Dbt_snowplow_web: Adding context data

Hi!

I’m wondering for quite some time already what would be the best / recommended way to get context data to the page_views, sessions and users models in the dbt snowplow web package.

I know there are examples in the repo, but I’m still stuck with a lot of problems.

What I’m doing right now:

I have a user_context. Starting from the base_events_this_run table, I’m building my own context_this_run table and from there I I’m building a incremental context_pv, context_session and context_user table. These get joined to the respective models (page_views, sessions and users) then.

This is easy for the page_views table, but for the sessions and users table I have to replicate a lot of the logic Snowplow built already somewhere just to be able to join the contexts and still be able to do partition pruning. For example I won’t have a user first session start_tstamp in my models… Also sessions can start earlier than what I will have in my this_run tables and so I won’t be able to merge them to the session table.

Also right now I’m materializing views that join the default models with my context models. The querying becomes quite expensive though. On the other hand, it is a real pain and quite expensive to re-run everything, when the user context adds new fields.

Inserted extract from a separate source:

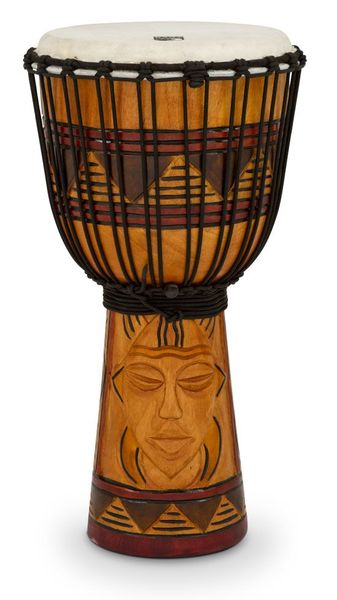 Toca 10" Origins Series Rope Tuned Wood Djembe - Tribal Mask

What would you recommend? What is the best way to solve this. I was thinking about replacing all the packages default _this_run tables on the way and add my contexts to each of them.

Thanks for your input!

Best
Andreas

Assuming you aren’t on redshift, the base_events_this_run table in each package should contain any contexts from your events data. (If you are on redshift/postgres, currently this is a lot of work to do and we are looking at ways to support it in the future but don’t have anything locked down at the moment.)

If the logic for uniquely defining the context at a page view, session, and user level is pretty simple, I would probably suggest that you disable the _derived models in the package, and simply overwrite them with a model that uses the relevant _this_run table and joins on your unique-per-level context (from the base_events_this_run table). This way you keep the benefits of all the logic and processing done on each of the derived tables, and upgrading remains easy in the future, but can also add your context information. These are what we call custom incremental models.

For page views and sessions, because we always re-process the whole session, the code would look something like this (pseudo-type code, not run):

-- my_custom_page_views_derived
{{
  config(
    materialized='incremental',
    unique_key='page_view_id',
    upsert_date_key='start_tstamp',
    sort='start_tstamp',
    dist='page_view_id',
    partition_by = snowplow_utils.get_value_by_target_type(bigquery_val = {
      "field": "start_tstamp",
      "data_type": "timestamp"
    }, databricks_val='start_tstamp_date'),
    cluster_by=snowplow_web.web_cluster_by_fields_page_views(),
    tags=["derived"],
    sql_header=snowplow_utils.set_query_tag(var('snowplow__query_tag', 'snowplow_dbt')),
    tblproperties={
      'delta.autoOptimize.optimizeWrite' : 'true',
      'delta.autoOptimize.autoCompact' : 'true'
    },
    snowplow_optimize = true
  )
}}


select a.*,
b.my_custom_context
  {% if target.type in ['databricks', 'spark'] -%}
  , DATE(start_tstamp) as start_tstamp_date
  {%- endif %}
from {{ ref('snowplow_web_page_views_this_run') }} a
left join (
-- YOU'RE LOGIC HERE
select distinct page_view_id, my_custom_context from {{ ref('snowplow_web_base_events_this_run') }} 
) b on a.page_view_id  = b.page_view_id
where {{ snowplow_utils.is_run_with_new_events('snowplow_web') }} --returns false if run doesn't contain new events.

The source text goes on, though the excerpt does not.